Research talk:Newly registered user

From Meta, a Wikimedia project coordination wiki

Work Log[edit]

Archive

Discussion[edit]

User names Versus Count[edit]

The outcome of the metric should be the number of registered users in a given project for the timerange selected rather than user names NRuiz (WMF) (talk) 15:33, 24 April 2014 (UTC)[reply]


Bots excluded?[edit]

Should bots be excluded from this measure? --Halfak (WMF) (talk) 17:26, 4 December 2013 (UTC)[reply]

I would say yes, definitely they should.--GlimmerPhoenix (talk) 18:48, 14 February 2014 (UTC)[reply]
Halfak (WMF), GlimmerPhoenix: I'd like to push back on this suggestion for the following reasons:
  1. new bot registrations should account for a negligible fraction of new user registrations in any given time period
  2. bot status is a property of a user that can change retrospectively. Until we have a different and dedicated process for bot registrations (there have been discussions on whether mandatory API keys are needed, for example), we're going to have to constantly update historical data to account for regular accounts switching to the bot group, I don't think this is worth the effort.
This said, bot identification is going to be a very high priority item for the other categories of metrics, I just don't think it's critical for this specific metric (at least until we start seeing bulk bot registrations). DarTar (talk) 19:47, 18 March 2014 (UTC)[reply]
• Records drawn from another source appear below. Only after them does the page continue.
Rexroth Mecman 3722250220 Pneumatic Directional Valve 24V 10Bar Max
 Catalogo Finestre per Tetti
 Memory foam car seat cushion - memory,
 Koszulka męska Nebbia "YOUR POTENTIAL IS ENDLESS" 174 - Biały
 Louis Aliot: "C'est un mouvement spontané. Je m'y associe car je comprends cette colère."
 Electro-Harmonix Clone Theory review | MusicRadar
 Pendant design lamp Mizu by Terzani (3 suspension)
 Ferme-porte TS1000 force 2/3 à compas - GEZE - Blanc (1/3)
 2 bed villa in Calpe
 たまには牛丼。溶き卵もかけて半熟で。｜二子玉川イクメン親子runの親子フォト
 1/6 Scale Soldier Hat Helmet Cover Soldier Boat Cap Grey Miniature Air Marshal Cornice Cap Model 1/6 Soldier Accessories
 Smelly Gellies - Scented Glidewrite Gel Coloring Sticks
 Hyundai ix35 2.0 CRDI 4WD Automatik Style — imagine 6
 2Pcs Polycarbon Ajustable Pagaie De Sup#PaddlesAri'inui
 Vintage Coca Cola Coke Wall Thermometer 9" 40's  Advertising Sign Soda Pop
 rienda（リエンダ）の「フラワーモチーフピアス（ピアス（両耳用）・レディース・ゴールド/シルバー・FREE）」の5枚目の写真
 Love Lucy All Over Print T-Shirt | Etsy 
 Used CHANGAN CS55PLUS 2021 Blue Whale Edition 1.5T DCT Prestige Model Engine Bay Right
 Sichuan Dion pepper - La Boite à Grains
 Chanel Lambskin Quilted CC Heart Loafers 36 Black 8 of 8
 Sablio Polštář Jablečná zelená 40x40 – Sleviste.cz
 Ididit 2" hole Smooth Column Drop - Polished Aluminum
log_action='newusers'[edit]

At least in the German Wikipedia, the logging table has a 4th type of entry corresponding to log_type='newusers'. This 4th type of entry also has the same value for the log_action column. The count (on an old dump) returns > 85K entries with this combination. Do we know which use case is triggering these 4th type of entries. Thanks. --GlimmerPhoenix (talk) 18:48, 14 February 2014 (UTC)[reply]

GlimmerPhoenix: Aaron and I looked into this yesterday (sorry I missed your comments on the talk page) and it appears that this was the log_action associated with regular account creations for a short time window (September 2005 - April 2006) until the new log_action (create) was introduced. We started a page to document known anomalies in historical data stored in MediaWiki's database. Contributions are very welcome --DarTar (talk) 19:51, 18 March 2014 (UTC)[reply]

Sensitivity analysis[edit]

The current proposal makes a number of assumptions but doesn't present yet a sensitivity analysis. For example, we could analyze the impact of including or excluding in the definition attached users, bot registrations, proxy registrations. DarTar (talk) 23:09, 18 March 2014 (UTC)[reply]

Qs from the Analytics Developers[edit]

The output of the SQL includes usernames however we are interested in just a daily count. Is there a particular reason the code doesn't return counts? This applies to the other metrics as well. KLeduc (WMF) (talk) 21:30, 24 April 2014 (UTC)[reply]

Mostly because I didn't know that you guys wanted counts. Can you provide me with a spec of what you expect from each of the metric SQL statements so that I can fix the SQL once and be done? --Halfak (WMF) (talk) 20:19, 25 April 2014 (UTC)[reply]

Difference between sample queries for wiki's logging table and Eventlogging[edit]

COUNT(*)-ing the lines emitted by the two Sample queries for “local”, I obtain a difference of ~0.7% (checked with enwiki, dewiki, elwiki) between the queries. Especially, since enwiki has a count of ~150K, it looks the queries are measuring different things. What is causing this difference? --QChris (talk) 12:38, 30 April 2014 (UTC)[reply]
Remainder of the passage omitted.